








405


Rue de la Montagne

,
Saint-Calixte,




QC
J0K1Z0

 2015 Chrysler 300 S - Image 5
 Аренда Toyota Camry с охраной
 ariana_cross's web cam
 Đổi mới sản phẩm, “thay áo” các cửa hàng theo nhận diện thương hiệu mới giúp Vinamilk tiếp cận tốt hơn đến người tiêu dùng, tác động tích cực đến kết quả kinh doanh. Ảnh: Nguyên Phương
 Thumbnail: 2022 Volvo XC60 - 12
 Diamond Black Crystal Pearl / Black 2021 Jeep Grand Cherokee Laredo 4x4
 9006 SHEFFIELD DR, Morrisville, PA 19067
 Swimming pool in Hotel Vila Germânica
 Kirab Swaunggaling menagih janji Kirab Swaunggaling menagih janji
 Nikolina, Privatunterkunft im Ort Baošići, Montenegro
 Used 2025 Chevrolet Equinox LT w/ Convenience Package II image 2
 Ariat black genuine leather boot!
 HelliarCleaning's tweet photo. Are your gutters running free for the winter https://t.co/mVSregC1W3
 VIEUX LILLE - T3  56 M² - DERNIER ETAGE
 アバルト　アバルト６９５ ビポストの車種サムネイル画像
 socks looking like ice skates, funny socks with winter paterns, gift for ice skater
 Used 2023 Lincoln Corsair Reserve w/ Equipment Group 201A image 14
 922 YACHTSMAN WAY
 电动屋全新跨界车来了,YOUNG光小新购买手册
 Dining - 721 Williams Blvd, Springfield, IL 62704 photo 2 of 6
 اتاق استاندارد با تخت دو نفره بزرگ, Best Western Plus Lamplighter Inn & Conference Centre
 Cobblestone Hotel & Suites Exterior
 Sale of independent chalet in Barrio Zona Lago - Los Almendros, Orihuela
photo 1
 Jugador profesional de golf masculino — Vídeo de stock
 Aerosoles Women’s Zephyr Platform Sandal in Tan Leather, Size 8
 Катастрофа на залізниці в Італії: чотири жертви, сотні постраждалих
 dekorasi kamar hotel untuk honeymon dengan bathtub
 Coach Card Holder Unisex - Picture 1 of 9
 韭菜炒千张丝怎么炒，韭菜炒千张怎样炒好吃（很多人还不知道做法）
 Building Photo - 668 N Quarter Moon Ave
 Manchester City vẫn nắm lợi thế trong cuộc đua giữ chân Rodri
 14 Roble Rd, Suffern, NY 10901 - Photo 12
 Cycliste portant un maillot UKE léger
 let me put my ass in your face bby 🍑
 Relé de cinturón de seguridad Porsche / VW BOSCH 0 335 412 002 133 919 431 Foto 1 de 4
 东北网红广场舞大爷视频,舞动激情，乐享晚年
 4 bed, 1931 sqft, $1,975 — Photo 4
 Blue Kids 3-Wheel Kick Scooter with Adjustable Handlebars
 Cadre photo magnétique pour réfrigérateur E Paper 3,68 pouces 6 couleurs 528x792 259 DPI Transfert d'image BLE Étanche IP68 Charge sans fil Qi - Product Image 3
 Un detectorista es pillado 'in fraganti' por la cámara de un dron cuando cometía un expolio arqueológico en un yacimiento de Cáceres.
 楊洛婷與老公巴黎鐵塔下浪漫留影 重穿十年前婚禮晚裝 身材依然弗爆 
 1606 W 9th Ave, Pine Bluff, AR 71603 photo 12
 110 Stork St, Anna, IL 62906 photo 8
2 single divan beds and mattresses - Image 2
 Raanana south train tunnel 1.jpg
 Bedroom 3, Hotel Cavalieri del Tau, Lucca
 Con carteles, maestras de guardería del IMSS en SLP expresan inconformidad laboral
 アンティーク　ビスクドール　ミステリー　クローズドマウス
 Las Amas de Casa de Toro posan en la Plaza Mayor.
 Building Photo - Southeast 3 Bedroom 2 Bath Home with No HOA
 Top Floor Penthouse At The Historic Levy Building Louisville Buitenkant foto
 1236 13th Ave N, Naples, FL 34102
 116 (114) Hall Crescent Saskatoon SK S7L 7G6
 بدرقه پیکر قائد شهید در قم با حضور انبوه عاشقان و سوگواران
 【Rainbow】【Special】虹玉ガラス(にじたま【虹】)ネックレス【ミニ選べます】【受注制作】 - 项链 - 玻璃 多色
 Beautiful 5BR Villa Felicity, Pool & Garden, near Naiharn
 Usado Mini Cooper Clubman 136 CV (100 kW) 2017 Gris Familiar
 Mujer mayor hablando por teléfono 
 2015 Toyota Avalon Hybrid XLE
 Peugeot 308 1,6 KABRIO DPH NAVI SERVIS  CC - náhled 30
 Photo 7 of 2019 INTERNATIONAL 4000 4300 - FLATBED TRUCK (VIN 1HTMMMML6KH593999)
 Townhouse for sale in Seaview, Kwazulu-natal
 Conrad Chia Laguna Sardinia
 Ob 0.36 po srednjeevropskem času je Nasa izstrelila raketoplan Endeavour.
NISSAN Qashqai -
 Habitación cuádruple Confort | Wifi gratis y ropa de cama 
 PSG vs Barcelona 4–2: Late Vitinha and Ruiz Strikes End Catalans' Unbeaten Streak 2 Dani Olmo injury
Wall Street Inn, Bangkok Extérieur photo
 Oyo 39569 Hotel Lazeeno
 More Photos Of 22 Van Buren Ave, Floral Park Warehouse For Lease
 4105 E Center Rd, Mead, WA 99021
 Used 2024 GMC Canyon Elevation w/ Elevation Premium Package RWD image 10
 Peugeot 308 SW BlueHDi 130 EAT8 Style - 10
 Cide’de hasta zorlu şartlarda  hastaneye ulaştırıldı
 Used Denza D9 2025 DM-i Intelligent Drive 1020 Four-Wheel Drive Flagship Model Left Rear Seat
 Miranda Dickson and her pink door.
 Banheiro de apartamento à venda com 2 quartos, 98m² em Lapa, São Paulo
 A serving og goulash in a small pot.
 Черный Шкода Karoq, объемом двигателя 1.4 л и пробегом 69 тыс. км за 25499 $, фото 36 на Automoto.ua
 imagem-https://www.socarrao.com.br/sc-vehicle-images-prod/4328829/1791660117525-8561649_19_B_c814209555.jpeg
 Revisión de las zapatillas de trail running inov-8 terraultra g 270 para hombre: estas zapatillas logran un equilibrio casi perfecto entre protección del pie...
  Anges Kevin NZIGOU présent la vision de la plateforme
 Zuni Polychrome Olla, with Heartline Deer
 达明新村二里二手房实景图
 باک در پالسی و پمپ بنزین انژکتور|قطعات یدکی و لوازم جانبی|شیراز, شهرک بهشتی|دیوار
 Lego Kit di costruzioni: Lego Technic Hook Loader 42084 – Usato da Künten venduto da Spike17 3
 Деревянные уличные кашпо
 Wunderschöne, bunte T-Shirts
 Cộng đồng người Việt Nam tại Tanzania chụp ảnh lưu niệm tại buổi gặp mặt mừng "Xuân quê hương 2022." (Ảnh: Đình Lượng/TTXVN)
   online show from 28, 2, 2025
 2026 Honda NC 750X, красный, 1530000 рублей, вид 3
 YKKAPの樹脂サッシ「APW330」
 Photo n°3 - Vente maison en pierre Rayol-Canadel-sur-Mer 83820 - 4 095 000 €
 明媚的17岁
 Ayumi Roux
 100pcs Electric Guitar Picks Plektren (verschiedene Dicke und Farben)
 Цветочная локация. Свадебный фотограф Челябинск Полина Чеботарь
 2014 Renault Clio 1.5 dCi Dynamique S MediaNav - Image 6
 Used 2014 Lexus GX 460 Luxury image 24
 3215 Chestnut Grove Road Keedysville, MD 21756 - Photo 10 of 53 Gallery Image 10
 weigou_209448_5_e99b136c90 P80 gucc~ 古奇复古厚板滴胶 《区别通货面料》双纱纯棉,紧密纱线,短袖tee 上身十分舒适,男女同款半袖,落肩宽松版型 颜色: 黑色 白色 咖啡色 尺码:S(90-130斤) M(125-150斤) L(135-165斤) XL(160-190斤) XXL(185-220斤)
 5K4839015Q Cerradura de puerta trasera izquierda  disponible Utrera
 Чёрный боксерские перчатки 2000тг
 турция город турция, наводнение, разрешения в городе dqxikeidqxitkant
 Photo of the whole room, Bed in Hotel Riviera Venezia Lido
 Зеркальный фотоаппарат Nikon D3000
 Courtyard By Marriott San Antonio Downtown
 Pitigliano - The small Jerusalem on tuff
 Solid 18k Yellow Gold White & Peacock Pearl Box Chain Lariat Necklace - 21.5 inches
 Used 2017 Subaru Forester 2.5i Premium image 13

PROBLEM STATEMENT
Each line that mentions the string "Pearl" must be copied from the listing.

SOLUTION FOR THIS TASK
 Diamond Black Crystal Pearl / Black 2021 Jeep Grand Cherokee Laredo 4x4
 Solid 18k Yellow Gold White & Peacock Pearl Box Chain Lariat Necklace - 21.5 inches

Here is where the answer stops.